A partir del 1 de junio del 2026, la capital de Polonia, Varsovia, establecerá nuevas reglas para la venta de alcohol con el objetivo de disminuir altercados y mejorar el orden público. La decisión, tomada por el Consejo del Ayuntamiento, forma parte del Programa Varsoviano de Noche Segura. El alcalde Rafał Trzaskowski reconoció que la medida surge tras años de debate y que espera resultados positivos para la ciudad.

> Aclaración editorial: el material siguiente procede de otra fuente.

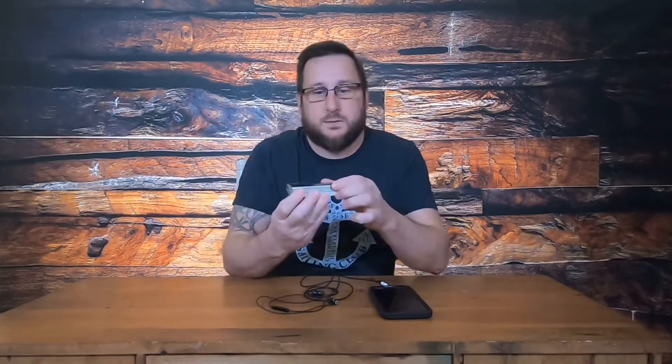Hey everybody, so today I've been asked to review Ludo's Clammer wired headphone set. They sent me this to check out and see what I thought about it, and I wanted to give you kind of my overview — what I felt about it and how they worked out. They come in a nice little tin here, it's nice and small. I've obviously got the headphones out already for this.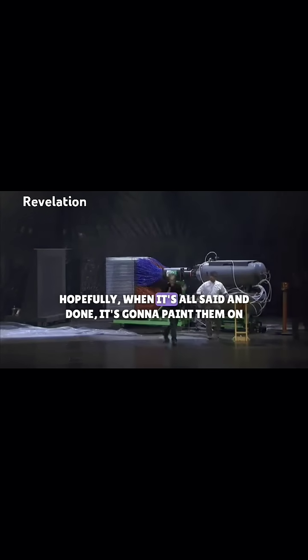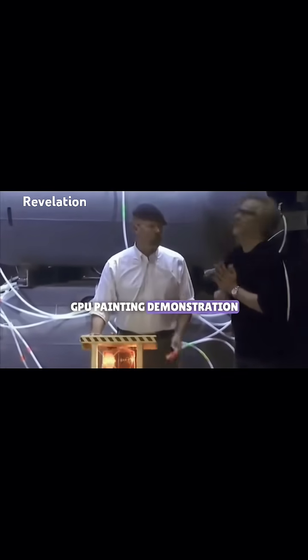Hopefully, when it's all set up, it's going to paint the Mona Lisa. GPU painting demonstration.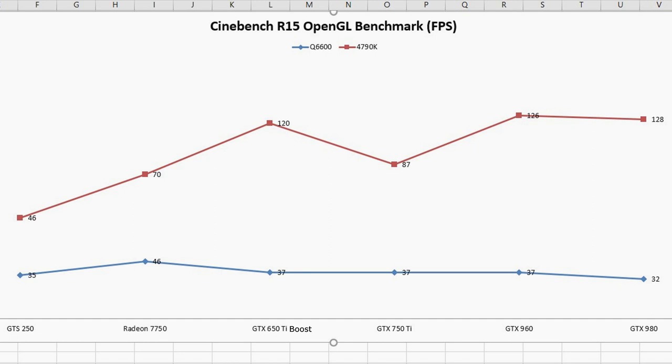Getting back on track, in this specific R15 benchmark you'll notice a few more anomalies with the 4790K system. Suffice to say, one single benchmark does not at all tell the entire story or value of a piece of hardware in real-world workloads. However, drawing attention to the blue Q6600 line reveals a more telling tale. The limitations of a Q6600-era chipset definitely create a bottleneck. But again, one single benchmark doesn't come close to revealing the true story, so let's fire up a couple of games.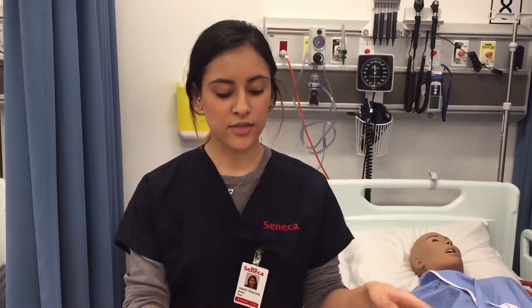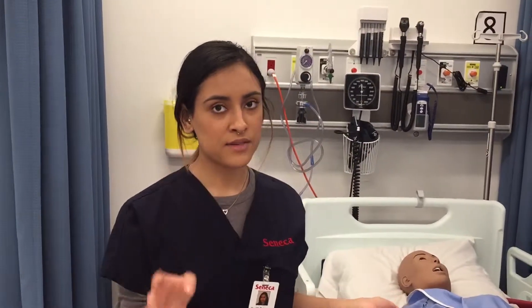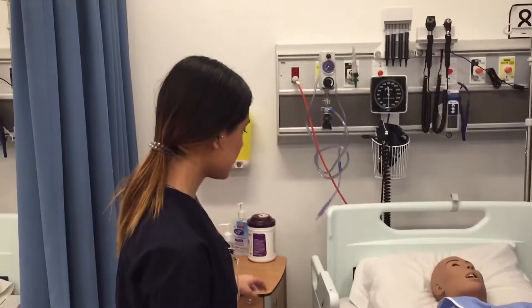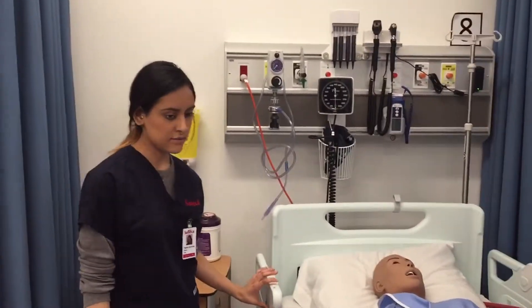Hi, my name is Shazia. I'll be performing catheterization on my female patient. I've checked her charts and I know what size catheter she used and I brought that all out. I've also obtained consent from my patient and provided privacy for her. So before I start, I'm going to make sure she's okay and comfortable.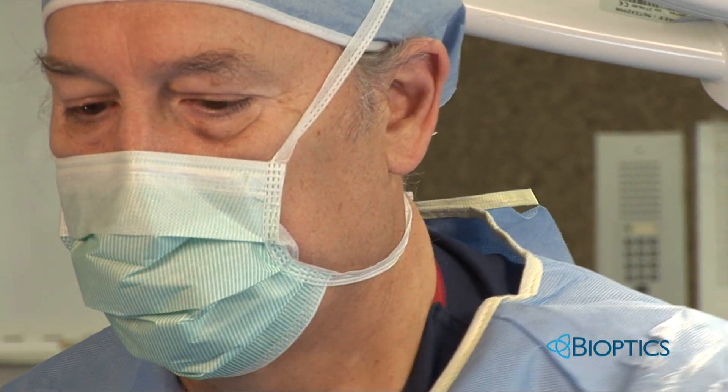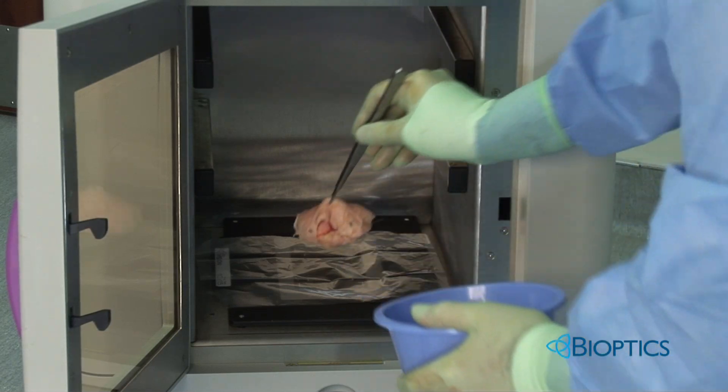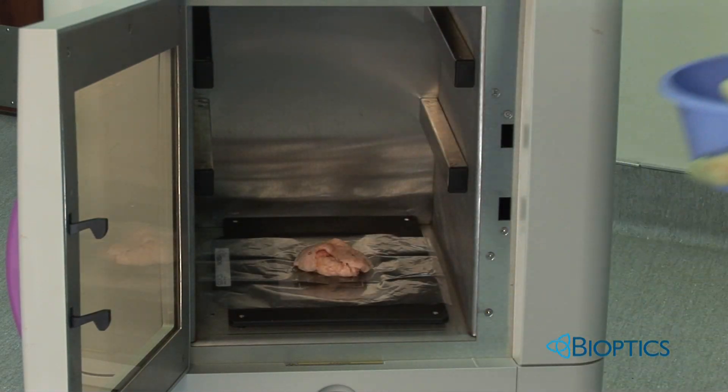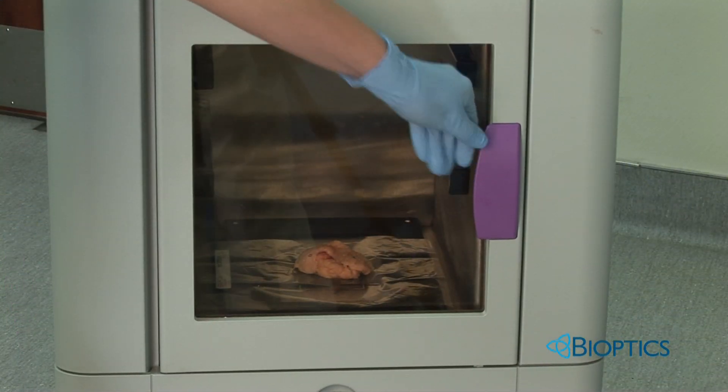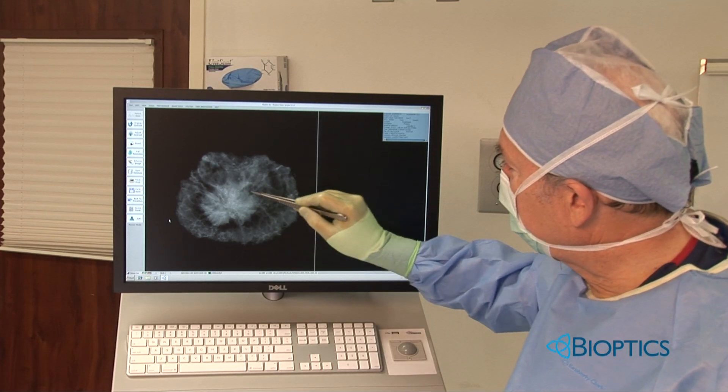Excise the specimen, place it in a specimen container, place it in the detector area, verify placement through the see-through window, push a button, and the image appears on the screen within seconds.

La prohibición excluye a bares, restaurantes y la zona libre de impuestos del aeropuerto Chopin, y se centra en el consumo callejero y el turismo del alcohol. El objetivo es frenar el desplazamiento dentro de la ciudad en busca de puntos de venta abiertos durante la noche. Según la agencia de noticias, la restricción fue impulsada tras reportes reiterados de incidentes nocturnos en zonas céntricas.

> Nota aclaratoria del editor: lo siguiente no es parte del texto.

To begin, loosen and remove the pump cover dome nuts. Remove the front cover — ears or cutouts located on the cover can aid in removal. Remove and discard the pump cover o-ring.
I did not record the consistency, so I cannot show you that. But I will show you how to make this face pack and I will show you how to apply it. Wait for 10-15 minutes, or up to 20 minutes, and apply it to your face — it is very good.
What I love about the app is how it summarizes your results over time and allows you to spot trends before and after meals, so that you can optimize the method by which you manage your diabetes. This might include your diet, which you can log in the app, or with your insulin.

Durante las consultas públicas realizadas, cerca de 9.000 personas participaron y el 81% se mostró a favor de la restricción nocturna. De quienes apoyaron la medida, el 97% consideró que debía aplicarse en toda Varsovia y no solo en algunos distritos. “Gracias a esto habrá más tranquilidad”, expresó una vecina mayor.
Algunos habitantes recordaron que restricciones similares funcionaron en el pasado, como la prohibición de vender alcohol antes de las 13:00 introducida en 1982 y eliminada en 1990. Otros mencionaron la experiencia de países nórdicos, donde las reglas sobre la venta de alcohol han mostrado resultados positivos.

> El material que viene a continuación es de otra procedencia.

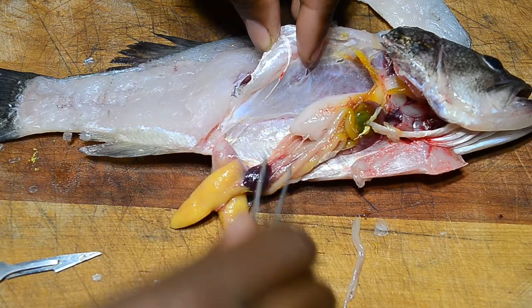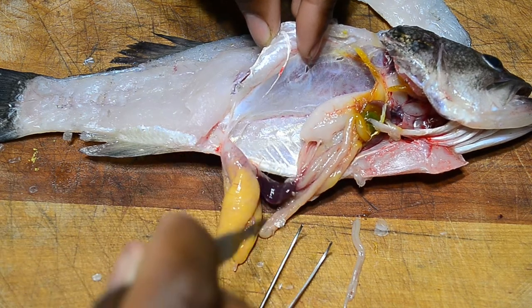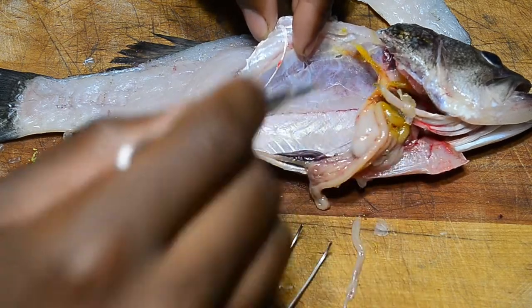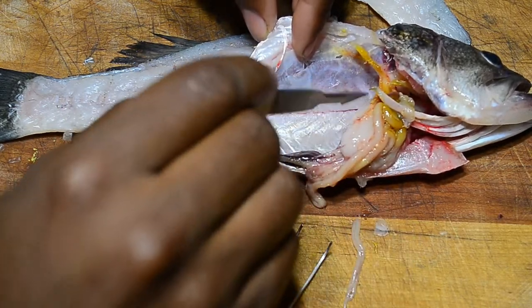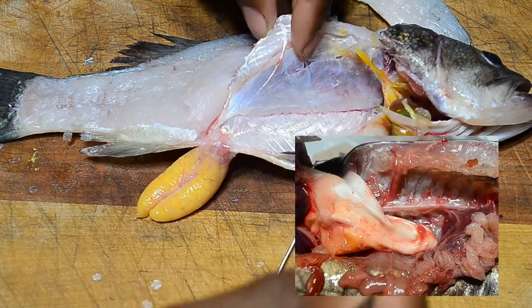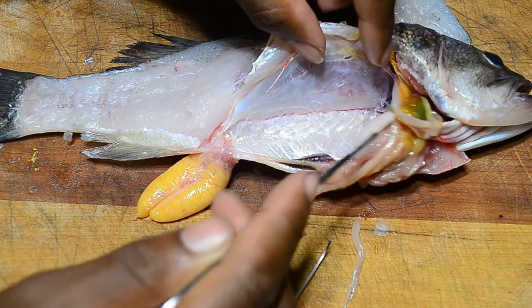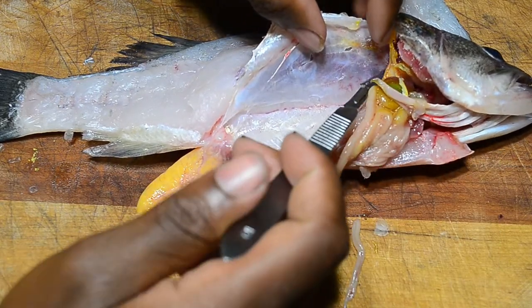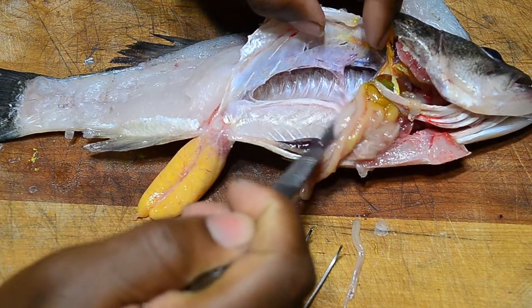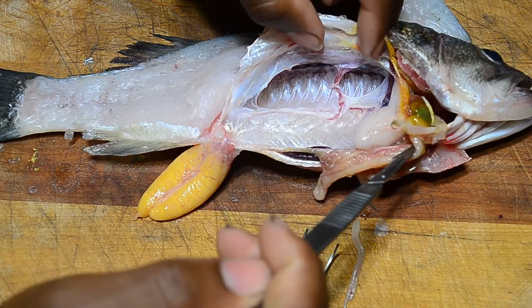Let's carefully remove these. Compared to the catfish where the air bladder was just one big bag-like section, here it's this whole upper section. If you cut open here it's just empty space full of air to help with buoyancy.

Excepciones y debates sobre el consumo en espacios públicos
La normativa permite que los locales gastronómicos continúen vendiendo alcohol durante la noche, así como las tiendas libres de impuestos del aeropuerto. El consumo de bebidas alcohólicas en los bulevares del Vístula seguirá autorizado, una excepción vigente desde 2018 pese a la prohibición general de beber en espacios públicos.

Según vecinos consultados, parte de la población considera que deberían existir áreas donde los jóvenes puedan reunirse sin restricciones excesivas. Otros insisten en la necesidad de moderación y responsabilidad individual, y recuerdan que el verdadero problema radica en el comportamiento y no en la bebida en sí.
La implementación de la prohibición nocturna se enmarca en una tendencia que ya adoptaron otras ciudades europeas en busca de reducir la violencia y los disturbios asociados al consumo excesivo de alcohol por la noche.
De acuerdo con las autoridades municipales, la experiencia en Śródmieście y Praga Północ sugiere que la reducción de la venta nocturna contribuye a bajar el número de intervenciones policiales y a mejorar el ambiente urbano. Según la Policía de la capital, este tipo de restricciones permitió disminuir los incidentes vinculados a peleas, vandalismo y ruido en la vía pública.
En el debate público, algunos vecinos expresaron temores sobre el posible surgimiento de mercados ilegales de alcohol, una preocupación que también apareció en experiencias similares de otras ciudades europeas.
Por su parte, el alcalde remarcó que la prioridad de la medida es proteger la seguridad y el bienestar de la comunidad, aunque reconoció que será necesario ajustar la normativa si surgen efectos no deseados.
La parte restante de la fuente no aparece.